When I had tiny babies, I had to completely re-think my idea of spiritual practice. Before that, I was pretty sure that spiritual disciplines were things you did by yourself while staring at a Bible or up at the ceiling. But in the vortex of sleep deprivation that is early motherhood, that was no longer an option for me. I struggled with that for a while, but slowly, I began to find some new life-giving rhythms that allowed me to tune and re-tune my soul—inconsistently, but several times a day, like a warped guitar or an old car radio.
The funny thing is, I’m coming back to these practices in this season at training college. The chaos is real. Training college during a global pandemic is a whirlwind of the uncontrollable.
There’s the usual cadet stuff: sourcing nightshade pantyhose in bulk; writing approximately 3,000 reflection papers; losing track of which days we have chapel, classes, seminars and field ministry (online, mostly); going through more laundry bleach in a month than I have used in my entire 24-year laundry career.
Then there’s the COVID-19 factor. Isolating with the kids every six to eight weeks while a cold runs through the house; moving from online to in-class to online learning; calling relatives in other provinces every day while they recover from the dreaded virus; trying to nurture a love of reading in a very active Grade 1 boy who doesn’t currently have a social outlet; and angrily lashing out at that guilty feeling in the back of my brain when I let the TV babysit my kids so I can participate in a Zoom seminar.

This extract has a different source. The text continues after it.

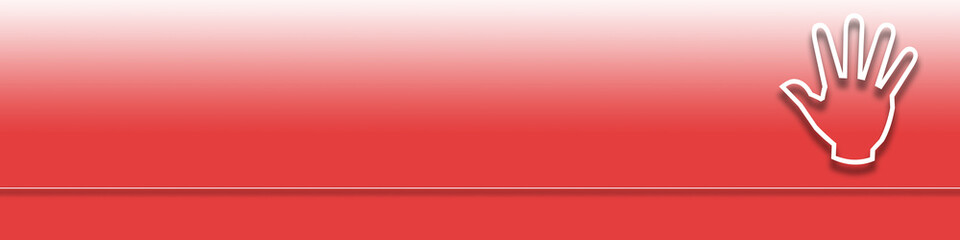 Obraz premium Symbol einer winkenden Hand auf roten Hintergrund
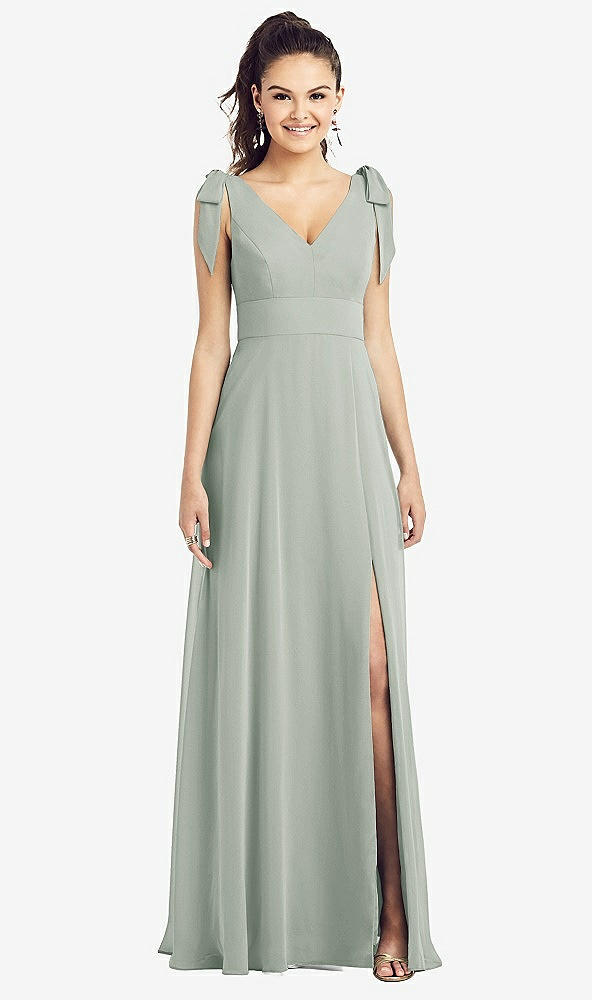 【STYLE: TH018】Bow-Shoulder V-Back Chiffon Gown with Front Slit【COLOR: Willow Green】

In the midst of the ever-shifting and overwhelming, the rhythmic spiritual practices I developed over the course of three maternity leaves are the things I find myself leaning on most heavily. I don’t do them all in one day, or even one week, but over the course of weeks and months they add up to a life-giving rhythm.

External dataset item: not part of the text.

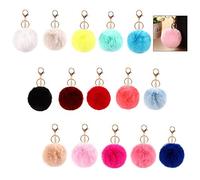 XLKJ 15 pezzi Portachiavi Pompon,Portachiavi Soffice Portachiavi Palla di Capelli Perfetto Regalo/per Borse alla Zaino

Family Shabbat. Short, meditative journaling exercises. “The Next Right Thing” podcast with Emily P. Freeman. Slowly reading through one book of the Bible over the course of six months. Repeating well-known prayers and Psalms to myself as I get dressed or fold laundry. The Lectio 365 app. Taking 20 seconds to look out the window and breathe. Something I call “the blanket cape,” where I imagine myself wrapped in a blanket while I make my coffee in the morning and allow God to remind me what grace looks like today. Reading and rereading The Ragamuffin Gospel by Brennan Manning. Praying with friends and mentors on the phone. Having conversations with my kids about what God said to them this week. Dancing on my break. Baking and sharing the love. Singing hymns over my kids while I put them to bed.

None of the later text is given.